Macros instantiate their children at their own instantiation time, but Workflows need to look at the stored data (package identifier and node class), re-register packages, and re-instantiate their child nodes. Then these nodes can be restored from HDF as usual.

We delay interaction with pyiron_contrib until the last possible moment, as the import still takes forever.

Features

save() and load() interface available at the Node level -- works for function nodes, macros, and workflows
Newly created nodes will try to load themselves by file, if a matching save file exists

It works like this:

from pyiron_workflow import Workflow

Workflow.register("pyiron_workflow.node_library.atomistics", "atomistics")

wf = Workflow("ev_curve", overwrite_save=True)

wf.structure = wf.create.atomistics.task.Bulk("Al")
wf.calculator = wf.create.atomistics.calculator.Emt()

wf.ev = wf.create.atomistics.macro.EnergyVolumeCurve(
    structure=wf.structure, 
    calculator=wf.calculator,
)

out = wf()

wf.save()
out.ev__result_dict["bulkmodul_eq"]
>>> 39.494306059591686

Then we can come back later, in a fresh python interpreter (with the same cwd so we can find the save file), and do this:

from pyiron_workflow import Workflow

wf = Workflow("ev_curve")

wf.outputs.ev__result_dict.value["bulkmodul_eq"]
>>> 39.494306059591686

Note that at load-time we didn't need to register any packages -- everything we needed was found in the stored data and registered automatically.

Shortcomings

Children of Composite and children of Function need to have macro_creator and node_function defined as class methods, not passed at instantiation, or I'm 99% sure saving/loading will break.
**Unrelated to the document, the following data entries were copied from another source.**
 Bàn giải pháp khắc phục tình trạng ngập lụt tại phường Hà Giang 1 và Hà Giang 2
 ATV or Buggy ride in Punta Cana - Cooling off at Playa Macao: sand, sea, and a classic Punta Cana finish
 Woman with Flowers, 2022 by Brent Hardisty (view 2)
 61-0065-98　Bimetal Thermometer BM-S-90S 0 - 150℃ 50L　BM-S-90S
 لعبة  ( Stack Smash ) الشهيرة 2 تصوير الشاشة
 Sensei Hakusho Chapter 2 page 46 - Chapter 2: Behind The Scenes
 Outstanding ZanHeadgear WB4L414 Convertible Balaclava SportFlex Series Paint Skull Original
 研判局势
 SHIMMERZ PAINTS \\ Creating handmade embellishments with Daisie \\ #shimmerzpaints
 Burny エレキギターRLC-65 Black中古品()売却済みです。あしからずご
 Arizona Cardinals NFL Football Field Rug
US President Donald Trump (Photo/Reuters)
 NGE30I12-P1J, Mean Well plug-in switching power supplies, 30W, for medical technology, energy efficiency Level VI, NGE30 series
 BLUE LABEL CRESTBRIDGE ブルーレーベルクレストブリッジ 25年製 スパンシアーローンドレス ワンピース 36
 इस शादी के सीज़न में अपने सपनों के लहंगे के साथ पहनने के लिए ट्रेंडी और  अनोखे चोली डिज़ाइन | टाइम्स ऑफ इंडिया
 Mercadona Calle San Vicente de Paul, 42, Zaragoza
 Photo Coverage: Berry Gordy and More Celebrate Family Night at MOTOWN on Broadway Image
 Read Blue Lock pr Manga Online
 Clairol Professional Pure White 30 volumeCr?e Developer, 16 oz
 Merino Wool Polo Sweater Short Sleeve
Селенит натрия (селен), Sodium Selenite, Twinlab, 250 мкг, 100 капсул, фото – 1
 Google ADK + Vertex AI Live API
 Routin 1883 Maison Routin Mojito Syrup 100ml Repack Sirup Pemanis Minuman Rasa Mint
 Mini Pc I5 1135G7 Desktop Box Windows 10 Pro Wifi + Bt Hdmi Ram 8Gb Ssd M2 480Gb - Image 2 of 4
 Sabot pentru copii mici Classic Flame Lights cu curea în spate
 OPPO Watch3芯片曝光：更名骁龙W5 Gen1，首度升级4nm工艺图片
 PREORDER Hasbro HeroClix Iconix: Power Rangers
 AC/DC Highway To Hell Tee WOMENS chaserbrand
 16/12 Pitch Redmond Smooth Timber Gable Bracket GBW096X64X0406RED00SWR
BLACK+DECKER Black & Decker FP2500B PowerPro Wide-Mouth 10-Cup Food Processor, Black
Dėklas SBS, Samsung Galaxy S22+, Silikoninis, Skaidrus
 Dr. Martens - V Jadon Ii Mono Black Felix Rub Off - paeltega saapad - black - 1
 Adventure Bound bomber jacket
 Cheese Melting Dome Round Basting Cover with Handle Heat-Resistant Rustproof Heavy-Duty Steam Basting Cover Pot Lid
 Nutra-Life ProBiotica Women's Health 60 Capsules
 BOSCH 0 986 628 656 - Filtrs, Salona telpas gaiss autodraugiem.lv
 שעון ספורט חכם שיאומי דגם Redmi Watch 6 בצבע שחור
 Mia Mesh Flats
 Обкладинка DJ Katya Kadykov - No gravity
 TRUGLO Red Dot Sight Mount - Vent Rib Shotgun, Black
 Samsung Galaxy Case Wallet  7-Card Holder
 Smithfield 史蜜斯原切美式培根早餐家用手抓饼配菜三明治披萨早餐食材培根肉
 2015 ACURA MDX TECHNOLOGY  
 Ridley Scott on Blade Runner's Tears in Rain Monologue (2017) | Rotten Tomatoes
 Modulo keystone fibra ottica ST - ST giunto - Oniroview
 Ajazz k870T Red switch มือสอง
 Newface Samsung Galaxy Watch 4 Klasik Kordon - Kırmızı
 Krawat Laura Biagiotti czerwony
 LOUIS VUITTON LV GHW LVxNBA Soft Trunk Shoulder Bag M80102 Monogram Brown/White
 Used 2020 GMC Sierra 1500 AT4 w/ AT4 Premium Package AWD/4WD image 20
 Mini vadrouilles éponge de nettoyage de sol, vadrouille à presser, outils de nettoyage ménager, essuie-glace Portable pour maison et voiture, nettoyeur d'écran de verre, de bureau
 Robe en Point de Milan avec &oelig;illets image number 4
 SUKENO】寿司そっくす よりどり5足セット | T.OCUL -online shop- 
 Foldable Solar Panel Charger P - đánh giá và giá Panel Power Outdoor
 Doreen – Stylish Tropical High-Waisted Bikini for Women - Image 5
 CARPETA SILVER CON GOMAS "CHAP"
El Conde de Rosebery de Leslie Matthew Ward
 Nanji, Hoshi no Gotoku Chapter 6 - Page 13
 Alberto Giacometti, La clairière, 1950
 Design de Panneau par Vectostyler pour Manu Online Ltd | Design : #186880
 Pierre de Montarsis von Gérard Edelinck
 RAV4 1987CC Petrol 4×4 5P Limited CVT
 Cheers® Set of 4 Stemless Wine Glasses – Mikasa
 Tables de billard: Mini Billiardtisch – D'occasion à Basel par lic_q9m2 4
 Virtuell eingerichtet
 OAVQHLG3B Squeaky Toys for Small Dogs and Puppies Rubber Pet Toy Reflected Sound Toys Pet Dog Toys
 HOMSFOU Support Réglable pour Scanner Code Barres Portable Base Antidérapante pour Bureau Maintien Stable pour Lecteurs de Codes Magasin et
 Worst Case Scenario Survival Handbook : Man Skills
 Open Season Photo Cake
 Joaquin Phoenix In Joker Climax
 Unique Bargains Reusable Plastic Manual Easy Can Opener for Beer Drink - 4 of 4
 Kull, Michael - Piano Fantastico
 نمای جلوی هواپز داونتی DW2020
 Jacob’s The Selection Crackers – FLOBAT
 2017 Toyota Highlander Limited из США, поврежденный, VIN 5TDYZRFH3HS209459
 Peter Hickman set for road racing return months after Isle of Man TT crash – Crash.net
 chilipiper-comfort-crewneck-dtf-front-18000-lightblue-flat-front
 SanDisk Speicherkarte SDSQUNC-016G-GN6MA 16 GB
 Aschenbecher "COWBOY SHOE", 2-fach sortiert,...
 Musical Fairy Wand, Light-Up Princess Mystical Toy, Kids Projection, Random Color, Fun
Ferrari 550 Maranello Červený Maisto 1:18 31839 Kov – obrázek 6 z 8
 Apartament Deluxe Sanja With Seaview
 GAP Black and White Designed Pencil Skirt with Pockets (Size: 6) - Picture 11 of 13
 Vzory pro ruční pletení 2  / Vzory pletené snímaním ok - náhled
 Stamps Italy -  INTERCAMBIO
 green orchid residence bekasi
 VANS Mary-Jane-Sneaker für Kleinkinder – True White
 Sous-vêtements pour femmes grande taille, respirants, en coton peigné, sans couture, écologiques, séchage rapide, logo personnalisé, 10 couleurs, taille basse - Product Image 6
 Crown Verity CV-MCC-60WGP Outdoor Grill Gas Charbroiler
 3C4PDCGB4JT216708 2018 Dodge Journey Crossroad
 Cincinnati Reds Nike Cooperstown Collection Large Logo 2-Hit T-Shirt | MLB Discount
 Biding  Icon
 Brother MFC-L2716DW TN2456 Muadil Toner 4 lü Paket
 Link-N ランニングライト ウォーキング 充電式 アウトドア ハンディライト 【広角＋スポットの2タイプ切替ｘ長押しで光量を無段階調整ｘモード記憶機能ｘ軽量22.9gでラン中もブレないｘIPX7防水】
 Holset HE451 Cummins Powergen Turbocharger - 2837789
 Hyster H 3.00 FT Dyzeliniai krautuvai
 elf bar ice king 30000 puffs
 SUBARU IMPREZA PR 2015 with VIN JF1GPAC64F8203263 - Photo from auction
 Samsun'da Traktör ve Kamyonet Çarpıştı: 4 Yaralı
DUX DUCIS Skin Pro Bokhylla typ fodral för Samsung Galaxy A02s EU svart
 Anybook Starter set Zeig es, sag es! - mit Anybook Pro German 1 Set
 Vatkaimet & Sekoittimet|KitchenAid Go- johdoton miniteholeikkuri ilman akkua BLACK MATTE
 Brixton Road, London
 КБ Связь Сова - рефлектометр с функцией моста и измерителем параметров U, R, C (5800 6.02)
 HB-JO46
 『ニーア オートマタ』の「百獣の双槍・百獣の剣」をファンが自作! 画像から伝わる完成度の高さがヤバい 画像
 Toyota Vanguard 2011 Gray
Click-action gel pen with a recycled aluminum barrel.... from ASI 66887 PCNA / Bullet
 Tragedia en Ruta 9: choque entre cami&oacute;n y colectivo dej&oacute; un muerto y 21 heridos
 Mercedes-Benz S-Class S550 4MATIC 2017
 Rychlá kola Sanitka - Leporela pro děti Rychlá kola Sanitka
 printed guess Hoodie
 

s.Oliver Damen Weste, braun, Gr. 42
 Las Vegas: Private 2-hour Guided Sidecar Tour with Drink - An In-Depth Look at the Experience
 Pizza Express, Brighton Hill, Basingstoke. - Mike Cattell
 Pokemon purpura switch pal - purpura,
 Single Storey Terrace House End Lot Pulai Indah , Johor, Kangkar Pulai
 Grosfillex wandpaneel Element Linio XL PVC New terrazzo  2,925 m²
This is not too bad, since all the nodes created by the decorators fulfill this automatically, and that's both our preferred and most common way of doing things. This is a non-issue; if you define a new Node instance and save it with the same name, indeed, you'll get garbage -- IMO this is just a special case of changing the source code between saving and loading. If you set up the same node instance both times, it saves and loads just fine because it has the necessary function again anyhow.
If you change source code for any nodes between saving and loading, all bets are off
To be saved, all of a Workflow's child nodes need to be created from a package (wf.create....) -- this is so they get a package_identifier and the loading workflow can re-instantiate them. This is not too much of a pain right now since our package tracking is pretty sloppy -- a package is just a module -- so you just need to move nodes from your jupyter notebook over to a .py file somewhere in your python path and register them like usual prior to saving.
There is no filtering of any type right now -- all the IO data gets saved to full depth
If you modify a Macro instance in your notebook (e.g. by changing its internal connections, or replacing an internal node), you'll still be able to save it, but loading it will probably just break
The interaction with the storage uses a lot of by-hand string keys that need to be synced in saving and loading, and what gets saved is all manually included, both of which feel like very brittle implementation to me

TODO:

High-level design review (@pmrv)
- ~~Stack a PR: Pull in tinybase from contrib~~ Do it later, after contrib 949 is merged
- ~~Stack a PR: Rebase classes onto Storable (at least Node -- maybe ChannelData still gets a different solution) so we can use _re/store directly instead of the bespoke to/from_storage~~ Do it later, we have an issue placeholder Storage: Use tinybase.storage.Storable directly #162
Add more functionality
- Relate storage file to the parent-most node (cf. Expose root node #165)
- Give direct access to child node storage based on the storage file and a semantic path (cf. Introduce ~semantic~ graph path #167)
- A node attribute to flag whether a save should be done post-run
TESTS
Docs
examples
~~Wait for tinybase tools used to be available on conda~~ Git-copy it to this repo instead (and later, per above)

Closes #153

github-actions · 2024-01-10T22:26:53Z

👈 Launch a binder notebook on branch pyiron/pyiron_workflow/simple_storage

pyiron_workflow/node.py

pmrv

I didn't have time today to read in depth, but will do so before our meeting tomorrow.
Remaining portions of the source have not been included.